_Exercise description:_
Repeat the entries exactly, and do not carry the pictures over.
........
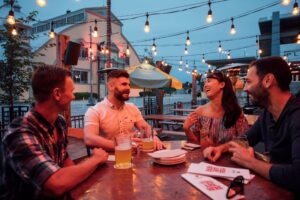 Friends enjoying an Ottawa evening on a patio together. 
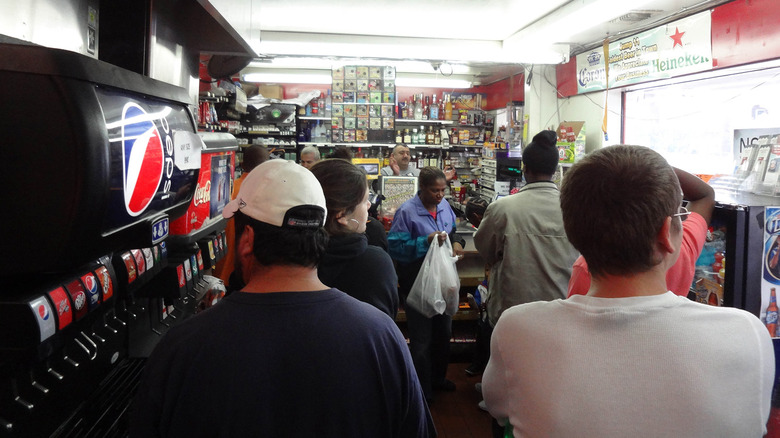 A phot of a busy gas station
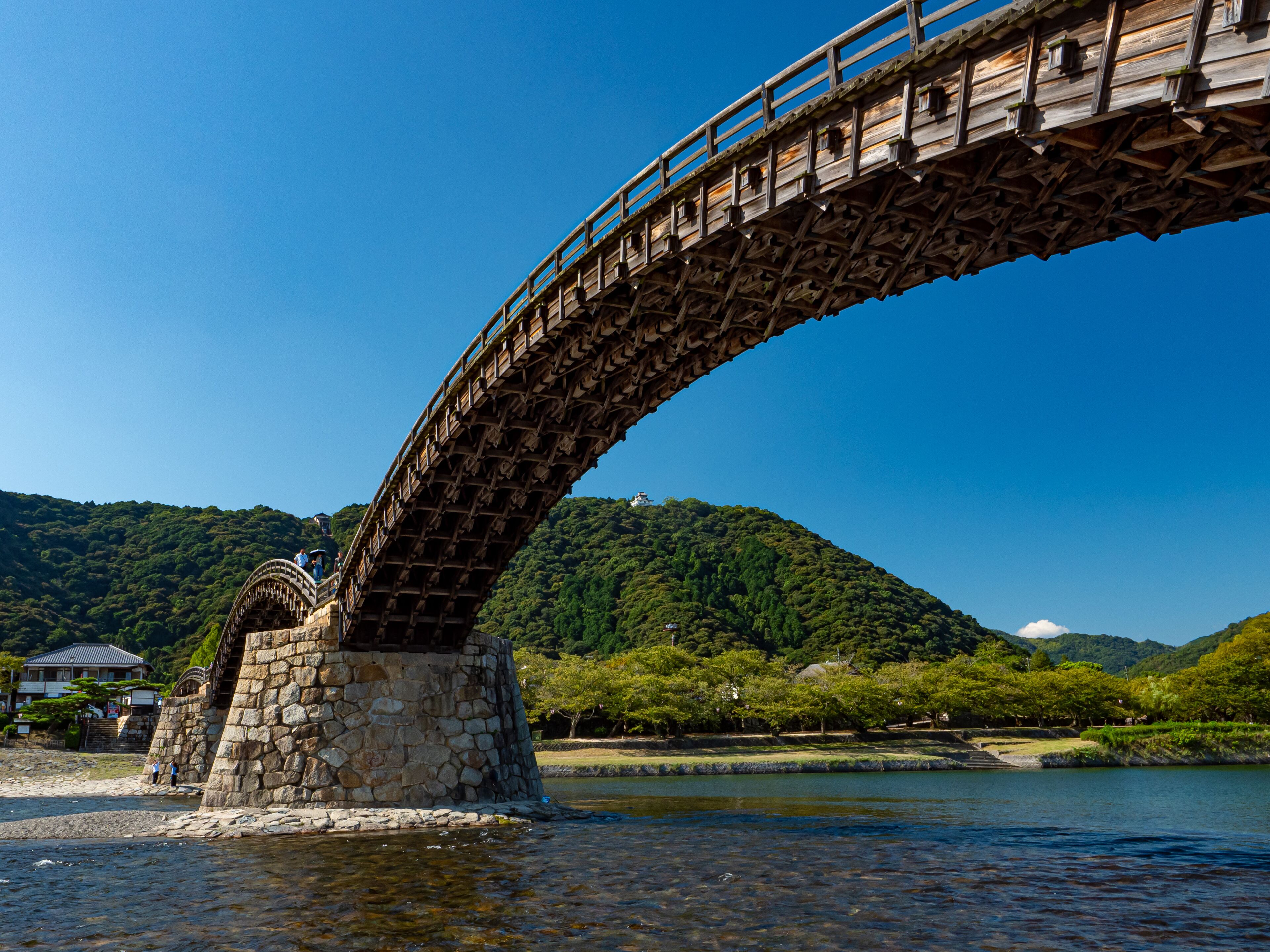 A stone bridge over a river with a forested hill in the background.
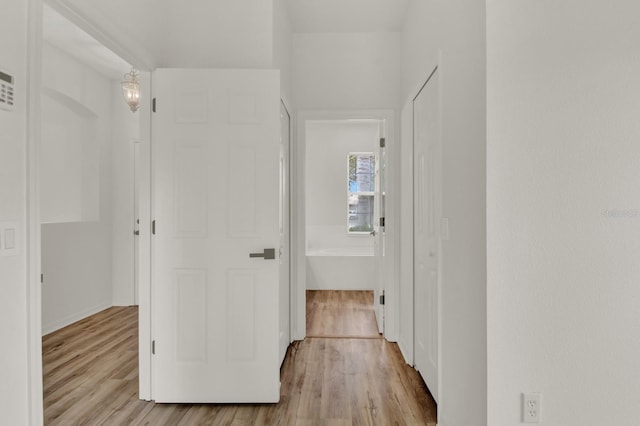 hall featuring light hardwood / wood-style flooring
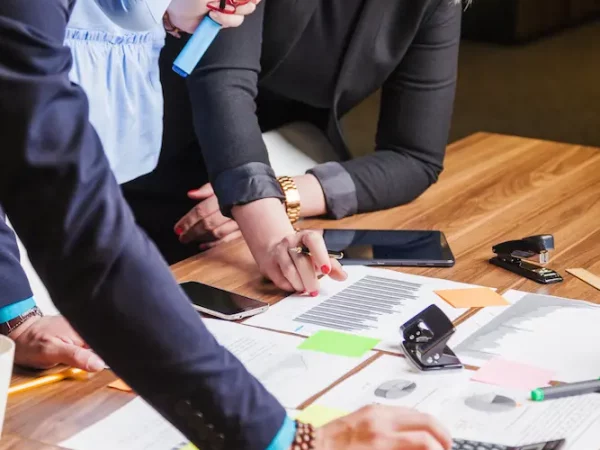 people-leaning-desk-standing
........
_Exercise response:_
 Friends enjoying an Ottawa evening on a patio together. 
 A phot of a busy gas station
 A stone bridge over a river with a forested hill in the background.
 hall featuring light hardwood / wood-style flooring
 people-leaning-desk-standing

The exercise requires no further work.